14:1 "Now it happened in Iconium that they went together to the synagogue of the Jews, and so spoke that a great multitude both of the Jews and of the Greeks believed. 2 But the unbelieving Jews stirred up the Gentiles and poisoned their minds against the brethren. 3 Therefore they stayed there a long time, speaking boldly in the Lord, who was bearing witness to the word of His grace, granting signs and wonders to be done by their hands.
4 But the multitude of the city was divided: part sided with the Jews, and part with the apostles. 5 And when a violent attempt was made by both the Gentiles and Jews, with their rulers, to abuse and stone them, 6 they became aware of it and fled to Lystra and Derbe, cities of Lycaonia, and to the surrounding region. 7 And they were preaching the gospel there."
Have you noticed a pattern in Acts yet? Talking about Jesus created believers and enemies. The enemies resisted to the point of injustice or violence and then the preachers moved on to another place only to start the cycle over again.
There are some exceptions though. When Peter and John were preaching in the temple and got arrested and threatened they went right back to the temple after their release and kept preaching. When we examine Jesus' life we find there were times He stayed in a place and faced the resistance and other times where He simply went elsewhere.
We struggle with that. I can't tell you how many times over the years in classrooms and meetings and discussions with colleagues that we expose out A vs B thinking. Someone will describe a scenario and then ask "What should be done in such a case?"
The fallacy is in the question. The question is framed in such a way as to create the illusion that there is only one answer that applies in every similar circumstance. Question: "When I face resistance should I keep going or pack my bags and move on?"
Years ago there was a movement called WWJD - What Would Jesus Do? A friend and fellow pastor turned the acronym around to WDJD - What Did Jesus Do. Neat trick but it does not solve the dilemma. Sometimes Jesus faced His resistors and sometimes He moved on and left them alone. Not very helpful right?
I can't emphasize this truth enough. Rarely is there a hard definite one size fits all answer to any question. Every circumstance is different. Sometimes staying will do more good than harm. Sometimes staying will do more harm than good. There is no textbook answer. There is no "Thus saith the Lord" answer that applies to all situations.
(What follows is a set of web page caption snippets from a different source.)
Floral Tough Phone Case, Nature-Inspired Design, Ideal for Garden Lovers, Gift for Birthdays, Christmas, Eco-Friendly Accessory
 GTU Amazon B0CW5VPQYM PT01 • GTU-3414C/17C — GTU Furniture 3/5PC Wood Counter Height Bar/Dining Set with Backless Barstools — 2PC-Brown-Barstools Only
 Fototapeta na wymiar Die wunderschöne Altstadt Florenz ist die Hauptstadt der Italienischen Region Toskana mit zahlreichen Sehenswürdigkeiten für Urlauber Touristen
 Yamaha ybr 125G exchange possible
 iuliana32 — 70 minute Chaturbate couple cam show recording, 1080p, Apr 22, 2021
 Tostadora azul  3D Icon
The answer is much more fluid but much more effective. Jesus said "My sheep know My voice and they follow Me." We don't need a textbook. We need a living constant connection with God. He knows the answer of when to hold'em and when to fold'em, when to walk away and when to stay. Resistance is bound to come. The Gospel of the love of God is always divisive. Some of us just prefer our own ways and desire to have the illusion of full control rather than submit to the matchless love and infinitely better plans of our Father. Navigating that resistance requires a living connection with heaven. He knows every heart. He knows every circumstance. He knows where and when and how to best approach every situation. Don't reach for a textbook or the opinions of others to navigate the tight spots. Don't fall for the illusion that there is a one size fits all answer. Trust God. Seek His leading and trust He is with you even if/when you make the wrong choice. "God can steer a moving ship."